By a vote of 277 to 139, the House passed a non-binding resolution on Tuesday that calls on House conferees negotiating a final version of the bill with members of the Senate to turn a US$10 billion portion of the package into a loan, as it was done last week by the upper chamber.
Albeit largely symbolic, the measure marked a de facto political reversal by the Republican-controlled House, which last week complied with President George W. Bush's request to give Iraq a grant rather than a loan.
Significantly, the vote came just hours after White House budget director Joshua Bolten specifically warned lawmakers that Bush was likely to veto the whole US$85 billion war and reconstruction package for Iraq and Afghanistan if the loan provision remained in the bill.
In a letter sent to Capitol Hill, Bolten said the loan proposal "raises questions about our commitment to building a democratic and self-governing Iraq."
"If this provision is not removed, the president's senior advisers would recommend that he veto the bill," the budget director said.
Tuesday's vote appears to reflect strong apprehension among rank-and-file Americans about allocating huge amounts of money for Iraq's reconstruction at a time when the US budget deficit is spinning out of control.
A CBS News poll conducted last month showed that 66 percent of respondents believed the US should not pay for Iraq's reconstruction at all.
But popular feelings notwithstanding, Republican House leaders were not amused late on Tuesday and rushed to whip dissenting members into line.

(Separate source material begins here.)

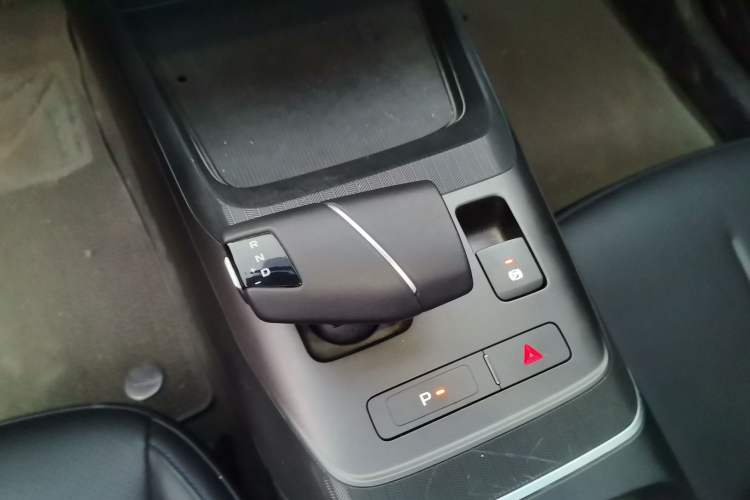 Used CHANGAN Eado DD 2023 Blue Whale NE 1.5T GDI DCT Luxury Edition Gear Lever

"I and a majority of the House conferees will vigorously oppose any attempt to provide the reconstruction funds as a loan," declared House Appropriations Committee Chairman Bill Young.
"The House will hold firm in support of the president and in the end I expect the conference report will drop the loan provision," he added.
John Feehery, spokesman for House Speaker Dennis Hastert, sought to downplay the importance of the vote, saying such motions were normally ignored not only by the White House "but by us, too."
House-Senate negotiators also found themselves under pressure from the Senate side, when a bipartisan group of senators wrote a letter asking them to keep the loan provision intact.